Dataset content =
[Start of section]
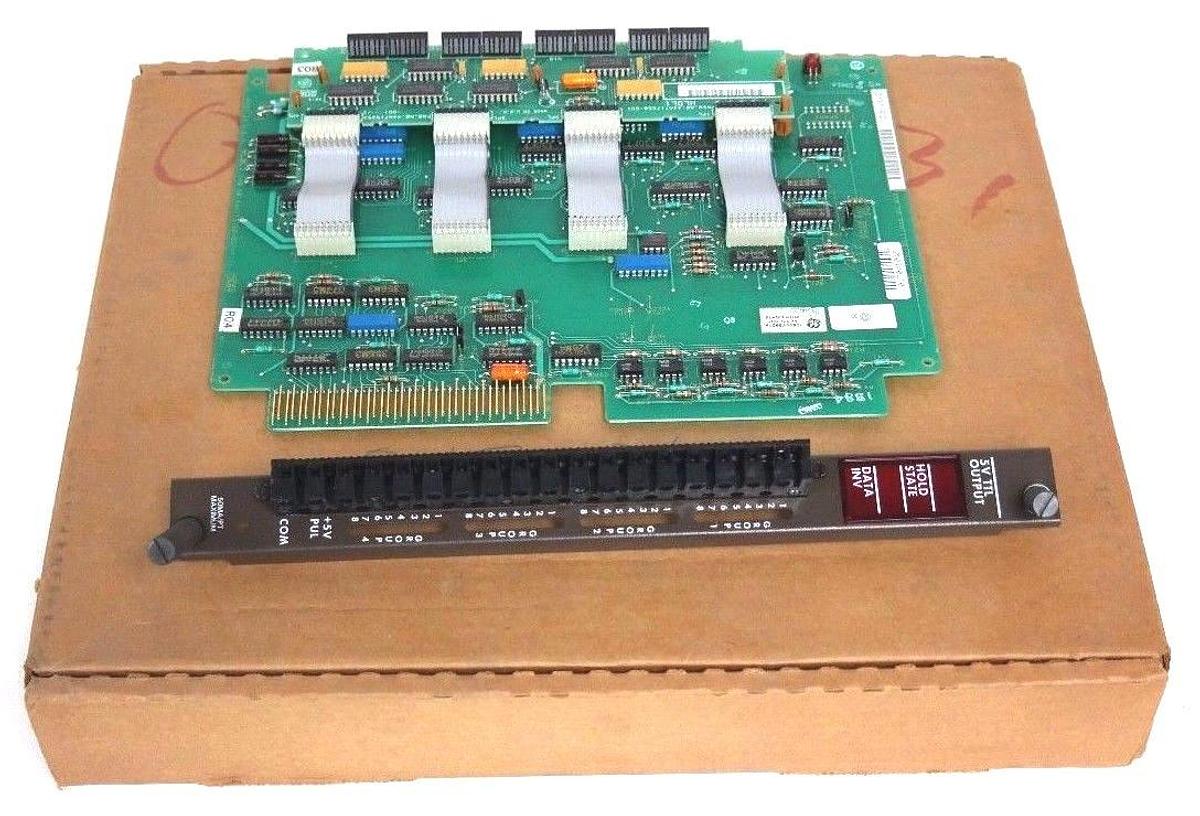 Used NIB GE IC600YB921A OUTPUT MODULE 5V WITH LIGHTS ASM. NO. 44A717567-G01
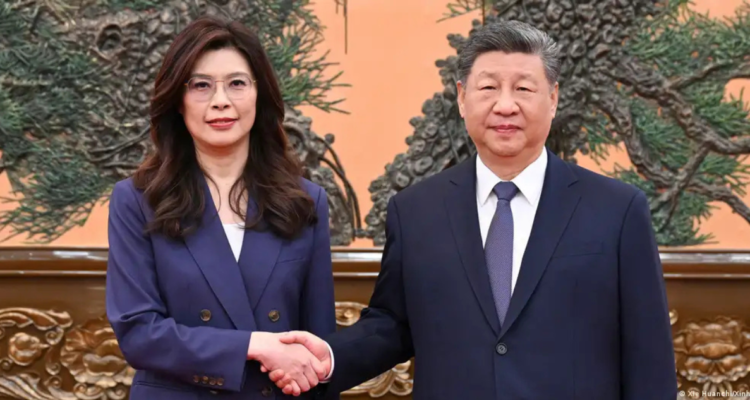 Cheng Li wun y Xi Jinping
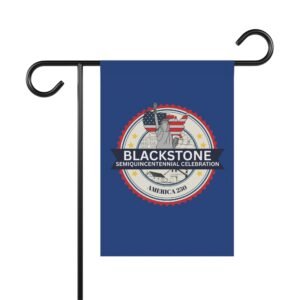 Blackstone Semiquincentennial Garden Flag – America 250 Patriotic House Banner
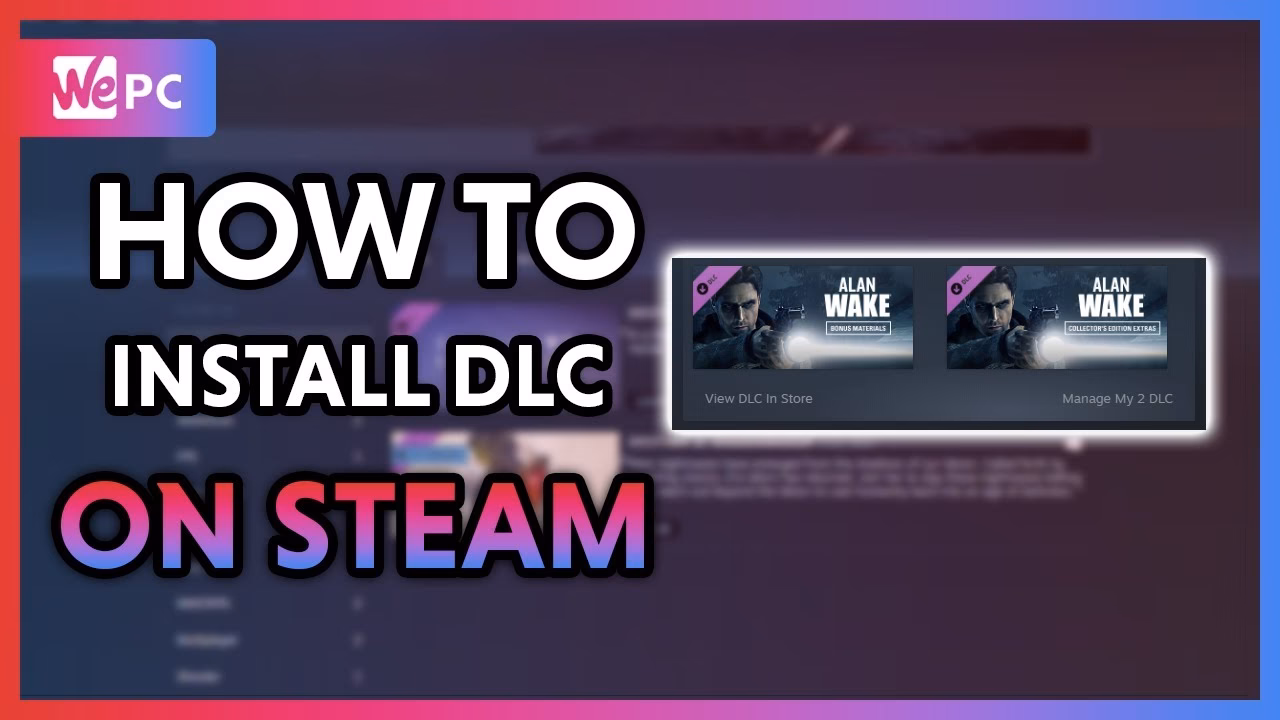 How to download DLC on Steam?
[End of section]
Task instructions = Would you output the full listing exactly as it stands, minus the images?

Finished task =
 Used NIB GE IC600YB921A OUTPUT MODULE 5V WITH LIGHTS ASM. NO. 44A717567-G01
 Cheng Li wun y Xi Jinping
 Blackstone Semiquincentennial Garden Flag – America 250 Patriotic House Banner
 How to download DLC on Steam?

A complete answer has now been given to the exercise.